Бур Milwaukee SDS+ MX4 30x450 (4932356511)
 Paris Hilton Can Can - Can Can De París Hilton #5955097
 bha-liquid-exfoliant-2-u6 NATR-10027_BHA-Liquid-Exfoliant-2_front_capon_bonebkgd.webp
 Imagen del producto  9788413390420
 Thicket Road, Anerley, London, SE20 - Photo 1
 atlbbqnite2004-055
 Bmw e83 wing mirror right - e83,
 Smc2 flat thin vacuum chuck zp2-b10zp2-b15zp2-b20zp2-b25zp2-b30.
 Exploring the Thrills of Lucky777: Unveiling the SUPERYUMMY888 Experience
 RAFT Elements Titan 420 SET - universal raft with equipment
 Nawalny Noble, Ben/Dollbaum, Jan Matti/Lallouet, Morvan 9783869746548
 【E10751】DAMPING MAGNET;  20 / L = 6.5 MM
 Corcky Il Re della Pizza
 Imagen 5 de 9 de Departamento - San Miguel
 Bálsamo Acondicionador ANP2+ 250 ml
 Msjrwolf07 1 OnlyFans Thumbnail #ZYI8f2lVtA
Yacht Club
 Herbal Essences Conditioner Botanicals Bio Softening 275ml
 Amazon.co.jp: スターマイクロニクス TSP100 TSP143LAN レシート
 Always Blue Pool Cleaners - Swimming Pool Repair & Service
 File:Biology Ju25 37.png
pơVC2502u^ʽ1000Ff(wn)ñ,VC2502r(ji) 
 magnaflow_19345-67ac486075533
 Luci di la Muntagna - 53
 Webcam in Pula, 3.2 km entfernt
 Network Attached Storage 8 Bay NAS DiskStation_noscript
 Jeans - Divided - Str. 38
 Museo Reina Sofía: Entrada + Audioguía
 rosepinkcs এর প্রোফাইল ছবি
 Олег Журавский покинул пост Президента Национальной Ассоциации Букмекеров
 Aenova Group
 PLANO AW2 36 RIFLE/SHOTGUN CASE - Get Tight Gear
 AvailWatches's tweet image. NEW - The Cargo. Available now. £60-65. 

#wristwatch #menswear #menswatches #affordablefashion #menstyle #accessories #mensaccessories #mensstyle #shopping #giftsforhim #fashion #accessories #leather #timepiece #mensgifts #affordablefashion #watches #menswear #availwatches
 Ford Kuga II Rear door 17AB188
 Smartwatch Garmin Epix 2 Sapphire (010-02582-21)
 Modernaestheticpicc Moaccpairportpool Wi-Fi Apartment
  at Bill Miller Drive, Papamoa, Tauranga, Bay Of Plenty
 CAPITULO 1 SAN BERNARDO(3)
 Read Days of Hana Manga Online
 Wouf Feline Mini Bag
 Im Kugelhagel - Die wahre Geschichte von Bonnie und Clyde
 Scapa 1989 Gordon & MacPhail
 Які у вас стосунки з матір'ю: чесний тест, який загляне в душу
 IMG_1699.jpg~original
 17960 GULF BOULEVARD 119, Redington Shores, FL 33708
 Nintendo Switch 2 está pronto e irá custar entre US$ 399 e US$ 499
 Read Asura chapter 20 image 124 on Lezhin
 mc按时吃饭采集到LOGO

***

- **The task**
Write out exactly the lines that run from the one containing "Jeans - Divided - Str. 38" to the end of the records, both end lines included.

- **Task result**
 Jeans - Divided - Str. 38
 Museo Reina Sofía: Entrada + Audioguía
 rosepinkcs এর প্রোফাইল ছবি
 Олег Журавский покинул пост Президента Национальной Ассоциации Букмекеров
 Aenova Group
 PLANO AW2 36 RIFLE/SHOTGUN CASE - Get Tight Gear
 AvailWatches's tweet image. NEW - The Cargo. Available now. £60-65. 

#wristwatch #menswear #menswatches #affordablefashion #menstyle #accessories #mensaccessories #mensstyle #shopping #giftsforhim #fashion #accessories #leather #timepiece #mensgifts #affordablefashion #watches #menswear #availwatches
 Ford Kuga II Rear door 17AB188
 Smartwatch Garmin Epix 2 Sapphire (010-02582-21)
 Modernaestheticpicc Moaccpairportpool Wi-Fi Apartment
  at Bill Miller Drive, Papamoa, Tauranga, Bay Of Plenty
 CAPITULO 1 SAN BERNARDO(3)
 Read Days of Hana Manga Online
 Wouf Feline Mini Bag
 Im Kugelhagel - Die wahre Geschichte von Bonnie und Clyde
 Scapa 1989 Gordon & MacPhail
 Які у вас стосунки з матір'ю: чесний тест, який загляне в душу
 IMG_1699.jpg~original
 17960 GULF BOULEVARD 119, Redington Shores, FL 33708
 Nintendo Switch 2 está pronto e irá custar entre US$ 399 e US$ 499
 Read Asura chapter 20 image 124 on Lezhin
 mc按时吃饭采集到LOGO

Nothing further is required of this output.